Obwohl einem dann eine Detailvorstellung technischer Perfektion entgehen würde, die man hier nicht erwartet hätte. Gemeint ist die Start-Stopp-Funktion mit Riemenstartergenerator. Sie geht hier eine geniale Kombination mit dem außerordentlich kultivierten Vierzylinder-Dieselmotor ein. Das Starten und Stoppen erfolgt so unmerklich, dass man an Ampeln oft nicht sagen kann, ob der Motor läuft oder nicht. Noch beeindruckender ist aber, wie gut das System mit widersprüchlichen Stopp-Start-Situationen an gerade umspringenden Ampeln oder im Stop-and-Go-Verkehr zurechtkommt.
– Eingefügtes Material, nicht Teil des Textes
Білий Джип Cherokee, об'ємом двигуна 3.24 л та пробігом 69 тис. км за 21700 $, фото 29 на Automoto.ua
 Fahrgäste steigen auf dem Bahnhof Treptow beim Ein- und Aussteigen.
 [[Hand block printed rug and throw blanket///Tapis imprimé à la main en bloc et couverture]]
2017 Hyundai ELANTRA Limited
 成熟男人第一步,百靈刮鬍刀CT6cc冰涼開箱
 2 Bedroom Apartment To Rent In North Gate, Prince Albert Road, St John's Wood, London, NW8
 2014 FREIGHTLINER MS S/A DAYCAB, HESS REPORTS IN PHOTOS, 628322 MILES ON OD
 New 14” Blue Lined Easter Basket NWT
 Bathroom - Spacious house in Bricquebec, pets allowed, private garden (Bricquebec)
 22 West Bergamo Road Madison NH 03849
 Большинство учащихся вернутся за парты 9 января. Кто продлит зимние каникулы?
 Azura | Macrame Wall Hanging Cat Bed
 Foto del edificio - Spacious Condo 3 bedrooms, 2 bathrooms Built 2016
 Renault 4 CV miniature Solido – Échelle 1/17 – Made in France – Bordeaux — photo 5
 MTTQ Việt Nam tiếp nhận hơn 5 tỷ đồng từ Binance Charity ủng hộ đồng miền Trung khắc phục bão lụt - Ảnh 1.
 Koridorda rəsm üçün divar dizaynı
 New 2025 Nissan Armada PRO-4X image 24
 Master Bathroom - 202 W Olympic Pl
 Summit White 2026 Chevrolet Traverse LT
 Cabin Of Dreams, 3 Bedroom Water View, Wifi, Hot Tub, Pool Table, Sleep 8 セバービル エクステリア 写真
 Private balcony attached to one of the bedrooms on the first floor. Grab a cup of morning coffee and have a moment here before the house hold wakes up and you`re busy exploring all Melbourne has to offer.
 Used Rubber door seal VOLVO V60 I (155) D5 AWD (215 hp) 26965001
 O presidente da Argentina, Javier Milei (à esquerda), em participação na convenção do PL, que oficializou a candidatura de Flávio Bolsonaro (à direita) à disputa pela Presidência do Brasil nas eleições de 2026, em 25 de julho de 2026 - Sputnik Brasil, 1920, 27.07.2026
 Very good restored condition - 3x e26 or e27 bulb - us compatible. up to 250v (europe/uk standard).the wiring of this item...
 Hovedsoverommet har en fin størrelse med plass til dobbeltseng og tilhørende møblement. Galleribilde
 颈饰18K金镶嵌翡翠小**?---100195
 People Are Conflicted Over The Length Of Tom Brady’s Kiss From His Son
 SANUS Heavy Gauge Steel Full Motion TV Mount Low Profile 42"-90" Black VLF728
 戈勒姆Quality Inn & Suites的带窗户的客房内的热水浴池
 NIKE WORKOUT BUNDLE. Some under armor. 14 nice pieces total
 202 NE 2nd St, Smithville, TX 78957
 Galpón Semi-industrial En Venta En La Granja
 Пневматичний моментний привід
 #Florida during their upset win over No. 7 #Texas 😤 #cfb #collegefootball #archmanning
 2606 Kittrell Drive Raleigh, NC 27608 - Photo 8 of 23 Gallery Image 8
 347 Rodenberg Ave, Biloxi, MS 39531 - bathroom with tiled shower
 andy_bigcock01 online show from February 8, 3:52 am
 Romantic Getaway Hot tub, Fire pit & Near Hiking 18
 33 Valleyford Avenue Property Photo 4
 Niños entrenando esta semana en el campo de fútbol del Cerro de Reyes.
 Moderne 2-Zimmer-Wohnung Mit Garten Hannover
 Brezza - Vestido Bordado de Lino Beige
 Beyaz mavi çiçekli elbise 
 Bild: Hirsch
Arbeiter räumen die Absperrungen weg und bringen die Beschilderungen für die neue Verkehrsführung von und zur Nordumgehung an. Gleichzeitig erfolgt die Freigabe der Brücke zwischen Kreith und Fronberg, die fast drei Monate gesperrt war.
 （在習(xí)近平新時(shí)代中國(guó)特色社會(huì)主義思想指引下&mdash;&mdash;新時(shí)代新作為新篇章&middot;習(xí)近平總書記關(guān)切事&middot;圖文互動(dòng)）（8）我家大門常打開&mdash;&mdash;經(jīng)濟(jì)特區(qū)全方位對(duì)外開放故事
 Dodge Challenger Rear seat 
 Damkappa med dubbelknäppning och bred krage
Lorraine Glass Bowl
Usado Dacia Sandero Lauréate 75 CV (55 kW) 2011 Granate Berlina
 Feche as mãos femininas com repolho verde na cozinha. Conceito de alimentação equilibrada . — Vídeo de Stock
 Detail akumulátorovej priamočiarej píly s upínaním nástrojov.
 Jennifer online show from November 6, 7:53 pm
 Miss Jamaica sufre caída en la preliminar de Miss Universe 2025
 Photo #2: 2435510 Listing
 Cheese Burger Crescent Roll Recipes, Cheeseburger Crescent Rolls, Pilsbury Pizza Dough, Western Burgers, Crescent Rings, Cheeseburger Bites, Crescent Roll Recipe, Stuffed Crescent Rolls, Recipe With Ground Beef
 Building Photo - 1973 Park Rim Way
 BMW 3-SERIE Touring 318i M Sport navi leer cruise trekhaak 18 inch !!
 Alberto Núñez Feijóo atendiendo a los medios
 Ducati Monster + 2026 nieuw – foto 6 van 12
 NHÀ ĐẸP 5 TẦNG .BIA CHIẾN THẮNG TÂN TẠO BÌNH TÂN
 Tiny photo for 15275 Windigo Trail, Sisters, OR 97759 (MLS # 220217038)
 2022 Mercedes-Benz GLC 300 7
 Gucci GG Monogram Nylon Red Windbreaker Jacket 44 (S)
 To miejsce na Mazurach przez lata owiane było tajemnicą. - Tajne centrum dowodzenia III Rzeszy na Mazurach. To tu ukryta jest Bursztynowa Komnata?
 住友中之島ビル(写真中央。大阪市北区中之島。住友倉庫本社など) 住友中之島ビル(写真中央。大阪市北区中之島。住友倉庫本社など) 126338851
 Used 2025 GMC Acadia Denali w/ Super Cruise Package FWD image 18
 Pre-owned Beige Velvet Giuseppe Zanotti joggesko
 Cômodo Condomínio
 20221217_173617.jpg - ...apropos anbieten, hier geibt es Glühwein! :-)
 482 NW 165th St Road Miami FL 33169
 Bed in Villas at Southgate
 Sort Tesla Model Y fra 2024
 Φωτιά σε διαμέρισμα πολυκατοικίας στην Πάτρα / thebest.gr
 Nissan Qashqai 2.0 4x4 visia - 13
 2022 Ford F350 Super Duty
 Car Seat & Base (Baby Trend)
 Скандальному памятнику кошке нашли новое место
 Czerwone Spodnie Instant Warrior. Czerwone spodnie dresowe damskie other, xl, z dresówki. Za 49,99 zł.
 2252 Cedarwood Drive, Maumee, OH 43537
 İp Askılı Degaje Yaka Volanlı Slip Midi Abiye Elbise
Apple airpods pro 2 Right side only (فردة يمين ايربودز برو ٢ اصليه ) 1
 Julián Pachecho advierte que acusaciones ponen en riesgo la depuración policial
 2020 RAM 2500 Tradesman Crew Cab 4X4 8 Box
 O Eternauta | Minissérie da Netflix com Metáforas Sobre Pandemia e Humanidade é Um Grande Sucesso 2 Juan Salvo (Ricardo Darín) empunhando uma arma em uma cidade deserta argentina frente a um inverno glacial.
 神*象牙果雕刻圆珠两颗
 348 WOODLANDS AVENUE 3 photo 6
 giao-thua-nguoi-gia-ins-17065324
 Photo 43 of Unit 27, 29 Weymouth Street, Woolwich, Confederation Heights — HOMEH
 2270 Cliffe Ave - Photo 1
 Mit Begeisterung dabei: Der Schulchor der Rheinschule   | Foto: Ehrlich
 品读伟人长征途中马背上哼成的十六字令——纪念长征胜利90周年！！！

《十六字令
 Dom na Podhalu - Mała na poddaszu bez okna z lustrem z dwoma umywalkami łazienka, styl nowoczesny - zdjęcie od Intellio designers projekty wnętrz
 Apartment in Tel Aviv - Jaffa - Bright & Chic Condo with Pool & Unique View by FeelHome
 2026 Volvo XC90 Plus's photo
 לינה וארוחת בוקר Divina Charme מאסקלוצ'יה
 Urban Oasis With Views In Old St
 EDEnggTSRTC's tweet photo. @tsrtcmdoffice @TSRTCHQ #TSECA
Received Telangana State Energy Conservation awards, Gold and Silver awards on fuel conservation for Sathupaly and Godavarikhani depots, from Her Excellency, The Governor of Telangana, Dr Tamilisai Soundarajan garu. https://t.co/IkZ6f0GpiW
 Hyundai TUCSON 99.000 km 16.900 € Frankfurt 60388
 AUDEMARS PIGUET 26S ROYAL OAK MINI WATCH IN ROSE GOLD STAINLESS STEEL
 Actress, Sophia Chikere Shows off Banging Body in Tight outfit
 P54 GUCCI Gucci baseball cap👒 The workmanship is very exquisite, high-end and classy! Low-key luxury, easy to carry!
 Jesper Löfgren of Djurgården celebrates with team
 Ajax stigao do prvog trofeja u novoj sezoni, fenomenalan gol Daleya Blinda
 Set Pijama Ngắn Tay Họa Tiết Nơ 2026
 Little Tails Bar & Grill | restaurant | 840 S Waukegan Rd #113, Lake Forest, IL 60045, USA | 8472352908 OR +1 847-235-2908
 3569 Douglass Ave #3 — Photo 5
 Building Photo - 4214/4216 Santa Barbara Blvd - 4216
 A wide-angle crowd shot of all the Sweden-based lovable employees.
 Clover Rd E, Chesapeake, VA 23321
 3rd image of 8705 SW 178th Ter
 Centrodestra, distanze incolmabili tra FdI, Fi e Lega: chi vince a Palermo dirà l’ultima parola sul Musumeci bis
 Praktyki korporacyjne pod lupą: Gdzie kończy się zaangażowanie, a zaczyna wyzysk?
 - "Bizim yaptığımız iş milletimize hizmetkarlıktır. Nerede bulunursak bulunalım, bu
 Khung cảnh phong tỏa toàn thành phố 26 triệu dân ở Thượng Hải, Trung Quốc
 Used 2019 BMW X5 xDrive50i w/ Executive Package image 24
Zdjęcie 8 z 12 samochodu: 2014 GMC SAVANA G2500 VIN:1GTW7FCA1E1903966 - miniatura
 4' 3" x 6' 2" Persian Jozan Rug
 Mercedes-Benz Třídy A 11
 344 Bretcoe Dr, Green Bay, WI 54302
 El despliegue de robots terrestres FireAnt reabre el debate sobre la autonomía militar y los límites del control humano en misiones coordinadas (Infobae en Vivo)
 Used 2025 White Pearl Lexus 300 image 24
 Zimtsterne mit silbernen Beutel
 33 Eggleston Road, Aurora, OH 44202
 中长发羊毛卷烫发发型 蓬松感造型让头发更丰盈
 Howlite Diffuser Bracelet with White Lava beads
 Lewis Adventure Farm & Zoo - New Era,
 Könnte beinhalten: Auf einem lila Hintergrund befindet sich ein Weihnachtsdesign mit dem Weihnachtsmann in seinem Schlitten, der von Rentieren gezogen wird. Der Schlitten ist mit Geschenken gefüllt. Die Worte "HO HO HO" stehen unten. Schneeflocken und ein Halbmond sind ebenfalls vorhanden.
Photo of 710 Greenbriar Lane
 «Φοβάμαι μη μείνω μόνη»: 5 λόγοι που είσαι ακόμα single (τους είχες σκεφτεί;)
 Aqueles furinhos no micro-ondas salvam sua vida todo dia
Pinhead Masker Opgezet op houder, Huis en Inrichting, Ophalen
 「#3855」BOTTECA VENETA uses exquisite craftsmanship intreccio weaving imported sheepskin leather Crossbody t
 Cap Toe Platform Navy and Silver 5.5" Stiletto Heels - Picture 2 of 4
Die PSA-Technik hält den Motor immer bereit, wenn man ihn braucht und schaltet ihn beim Ansegeln auf Ampeln unmerklich aus, um Sprit zu sparen. Das verdient ein großes Lob und gehört zum Besten, was ich in der Hinsicht gefahren habe. Dass es im Gegenzug auch Systeme gibt, die einen in der Kreuzung „verhungern“ lassen können, zeigte kürzlich ein Jeep Renegade (Test).

Leider nur Euro 6d Temp

Auch die Effizienz des 150-PS-Vierzylinderdiesels ist aller Ehren wert. Ein so großes Auto, so flott im Alltag mit etwa sieben Litern bewegen zu können, hätte man vor ein paar Jahren noch nicht geglaubt. Bei betont sanfter Fahrweise ist sogar noch weniger drin. Wenn PSA nicht die Unart mitmachen würde, die Autos immer noch nach Euro-6d-Temp zu zertifizieren, gäbe es also kaum etwas auszusetzen. Leider sitzt so der heutige Neuwagenkäufer binnen Jahresfrist in einem Fahrzeug mit veralteter Abgasnorm. Das dürfte den erzielbaren Preis seines Fahrzeugs auf dem Gebrauchtwagenmarkt mindern.

Voll Reisetauglich

Das Fahrwerk des Großraumwagens ist voll fernreisetauglich. Auch bei fiesen Bodenwellen schlägt hier nichts durch und der hohe Kasten nervt trotzdem nicht mit starker Seitenneigung. Der gute Geradeauslauf und das niedrige Geräuschniveau machen den Zafira Life zu einem ausgezeichneten Autobahnshuttle. Weniger geeignet ist er für engkurvige Landstraßen. Da würde man sich eine direktere Lenkung wünschen. Sie gefällt zwar mit Leichtgängigkeit, lässt aber dafür an Zielgenauigkeit noch Raum für Verbesserung übrig. Ich sage: Typisch Lieferwagen. Kollege Flo sagt: Mein Mitsubishi L300 hat eine total direkte Lenkung. Und prompt ließ er in fast jeder Kurve, in der er am Steuer saß, einen abfälligen bis alarmierten Kommentar los. Wie gesagt, für schnelle Kurven ist das nichts, aber man gewöhnt sich dran. Zusammen mit der hohen Sitzposition fördert die Lenkung sogar noch, das Gefühl, wie ein König der Fernstraße über den Dingen zu thronen.

Beachtlicher Einstieg

Dem Zafira Life gelingt also ein beachtlicher Einstieg im Segment der luxuriöseren Familienbusse. Um so schöner, dass er auch bei der Preisgestaltung nicht enttäuscht. Der kurze 4,60 lange Zafira Life, mit 102-PS-Diesel und Basisausstattung „Selection“ beginnt unverhandelt bei 34.780 Euro, der lange Bus mit 177 PS, Automatik und Topausstattung kostet mindestens 52.695 Euro. Das war auch der Preis unseres Testwagens mit mittlerem Radstand, 150-PS-Diesel und einem sehr luxuriösen zusätzlichen Ausstattungsumfang aus der Preisliste. Viel mehr als 60.000 Euro wird ein Zafira Life nie kosten. Bei Mercedes sind mehr als 85.000 Euro möglich, was freilich auch an Optionen liegt, die es für den Zafira nicht gibt.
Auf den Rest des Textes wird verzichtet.